Category: 1813-33-8

In the chemical reaction process, reaction time, type of solvent, can easily affect the result of the reaction, thereby determining the yield and properties of the reaction product. An updated downstream synthesis route of 1813-33-8 as follows. name: 2-Chloro-4-(trifluoromethyl)benzonitrile

General procedure: A mixture of 2-chloro-4-(trifluoromethyl)-benzonitrile (1.00 mmol), appropriate amine (NR2, 2.00 mmol),and DBU (2.5 mmol) were dissolved in 1,4-dioxane (8 ml). Themixture was stirred for 12 h at 50 C. The reaction was quenched with water and extracted with EtOAc twice. The combined organicextracts were dried over MgSO4, filtered, and concentrated invacuo. The residue was purified by flash column chromatographyon silica gel using EtOAc/hexane (1:7-1:10) eluant condition.(NR2 = 4-(4-fluorophenyl)-1,2,3,6-tetrahydropyridine hydrochloridefor 17).

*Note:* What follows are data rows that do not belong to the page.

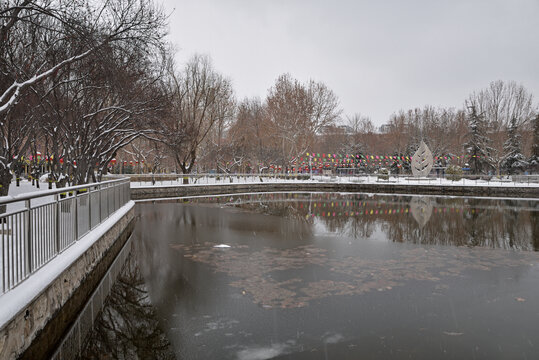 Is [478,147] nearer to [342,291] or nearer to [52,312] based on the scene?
[342,291]

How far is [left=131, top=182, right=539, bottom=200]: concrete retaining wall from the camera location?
1275 inches

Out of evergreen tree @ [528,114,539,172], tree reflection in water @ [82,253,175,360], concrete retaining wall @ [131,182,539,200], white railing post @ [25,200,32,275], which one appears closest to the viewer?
tree reflection in water @ [82,253,175,360]

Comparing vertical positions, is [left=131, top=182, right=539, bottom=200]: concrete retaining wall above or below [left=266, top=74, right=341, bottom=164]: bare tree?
below

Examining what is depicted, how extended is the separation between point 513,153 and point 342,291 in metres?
57.8

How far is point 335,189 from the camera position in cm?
4338

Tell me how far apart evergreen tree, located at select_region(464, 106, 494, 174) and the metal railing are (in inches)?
2209

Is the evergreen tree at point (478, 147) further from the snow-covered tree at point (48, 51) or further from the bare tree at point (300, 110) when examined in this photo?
the snow-covered tree at point (48, 51)

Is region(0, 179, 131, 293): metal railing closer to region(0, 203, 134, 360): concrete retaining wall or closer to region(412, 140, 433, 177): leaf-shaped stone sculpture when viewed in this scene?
region(0, 203, 134, 360): concrete retaining wall

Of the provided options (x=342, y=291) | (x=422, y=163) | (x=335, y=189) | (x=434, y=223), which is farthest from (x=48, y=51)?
(x=422, y=163)

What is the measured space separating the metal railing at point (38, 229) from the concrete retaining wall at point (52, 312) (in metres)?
0.39

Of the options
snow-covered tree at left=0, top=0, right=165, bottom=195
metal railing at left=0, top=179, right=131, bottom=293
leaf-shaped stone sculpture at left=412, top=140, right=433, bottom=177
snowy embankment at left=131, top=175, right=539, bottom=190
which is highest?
snow-covered tree at left=0, top=0, right=165, bottom=195

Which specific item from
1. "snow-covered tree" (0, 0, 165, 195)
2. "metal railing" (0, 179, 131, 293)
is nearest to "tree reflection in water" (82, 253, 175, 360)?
"metal railing" (0, 179, 131, 293)

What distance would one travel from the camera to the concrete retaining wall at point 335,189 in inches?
1275

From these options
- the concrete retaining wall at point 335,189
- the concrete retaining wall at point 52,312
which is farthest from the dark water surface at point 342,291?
the concrete retaining wall at point 335,189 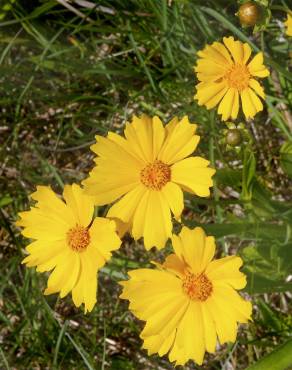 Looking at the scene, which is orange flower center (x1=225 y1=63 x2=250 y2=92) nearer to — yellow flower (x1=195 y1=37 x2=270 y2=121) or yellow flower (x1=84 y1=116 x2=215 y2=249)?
yellow flower (x1=195 y1=37 x2=270 y2=121)

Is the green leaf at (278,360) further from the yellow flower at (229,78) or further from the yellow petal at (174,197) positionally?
the yellow flower at (229,78)

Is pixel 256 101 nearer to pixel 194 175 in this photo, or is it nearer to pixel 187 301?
pixel 194 175

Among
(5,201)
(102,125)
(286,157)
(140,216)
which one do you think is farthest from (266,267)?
(5,201)

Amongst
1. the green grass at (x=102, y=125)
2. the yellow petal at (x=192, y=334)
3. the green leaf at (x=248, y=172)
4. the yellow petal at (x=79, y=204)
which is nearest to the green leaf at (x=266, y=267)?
the green grass at (x=102, y=125)

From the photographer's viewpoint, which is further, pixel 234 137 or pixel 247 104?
pixel 247 104

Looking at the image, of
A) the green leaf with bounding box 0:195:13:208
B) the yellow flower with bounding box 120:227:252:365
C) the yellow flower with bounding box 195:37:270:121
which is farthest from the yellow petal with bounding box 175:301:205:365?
the green leaf with bounding box 0:195:13:208

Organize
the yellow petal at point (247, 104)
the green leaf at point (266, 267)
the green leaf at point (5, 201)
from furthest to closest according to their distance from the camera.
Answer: the green leaf at point (5, 201) < the green leaf at point (266, 267) < the yellow petal at point (247, 104) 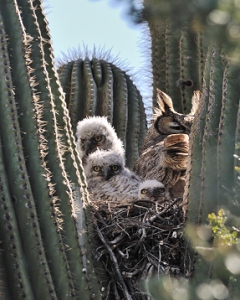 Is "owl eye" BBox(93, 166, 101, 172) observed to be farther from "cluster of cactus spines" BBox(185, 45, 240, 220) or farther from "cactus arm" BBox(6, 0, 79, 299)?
"cactus arm" BBox(6, 0, 79, 299)

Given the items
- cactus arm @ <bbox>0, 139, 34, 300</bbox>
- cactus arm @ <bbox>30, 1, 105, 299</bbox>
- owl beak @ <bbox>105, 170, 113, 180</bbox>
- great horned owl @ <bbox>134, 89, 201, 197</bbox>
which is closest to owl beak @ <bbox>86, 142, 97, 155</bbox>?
great horned owl @ <bbox>134, 89, 201, 197</bbox>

According to the analysis of related databases, 1813-33-8, the application of this compound in the production field has become more and more popular.

Reference:
Article; Ann, Jihyae; Jung, Aeran; Kim, Mi-Yeon; Kim, Hyuk-Min; Ryu, Hyungchul; Kim, Sunjoo; Kang, Dong Wook; Hong, Sunhye; Cui, Minghua; Choi, Sun; Blumberg, Peter M.; Frank-Foltyn, Robert; Bahrenberg, Gregor; Stockhausen, Hannelore; Christoph, Thomas; Lee, Jeewoo; Bioorganic and Medicinal Chemistry; vol. 23; 21; (2015); p. 6844 – 6854;,
Nitrile – Wikipedia,
Nitriles – Chemistry LibreTexts

These common heterocyclic compound, 1813-33-8, name is 2-Chloro-4-(trifluoromethyl)benzonitrile, its traditional synthetic route has been very mature, but the traditional synthetic route has various shortcomings, such as complicated route, low yield, poor purity, etc, below Introduce a new synthetic route. Recommanded Product: 1813-33-8

General procedure: A mixture of 2-chloro-4-(trifluoromethyl)-benzonitrile (1.00 mmol) and appropriate thiol (RSH, 3.00 mmol),18-crown-6-ether (cat.) and potassium carbonate (2.00 mmol)were dissolved in acetonitrile (3 ml). The mixture was refluxedfor 12 h and then cooled to ambient temperature. The mixturewas quenched by adding water and extracted with EtOAc.Extracted organic compound was dried over MgSO4, filtered, andconcentrated in vacuo. The residue was purified by flash columnchromatography on silica gel using EtOAc/hexane (1:4) eluantcondition. (RSH = CH3CO2(CH2)2SH for 42).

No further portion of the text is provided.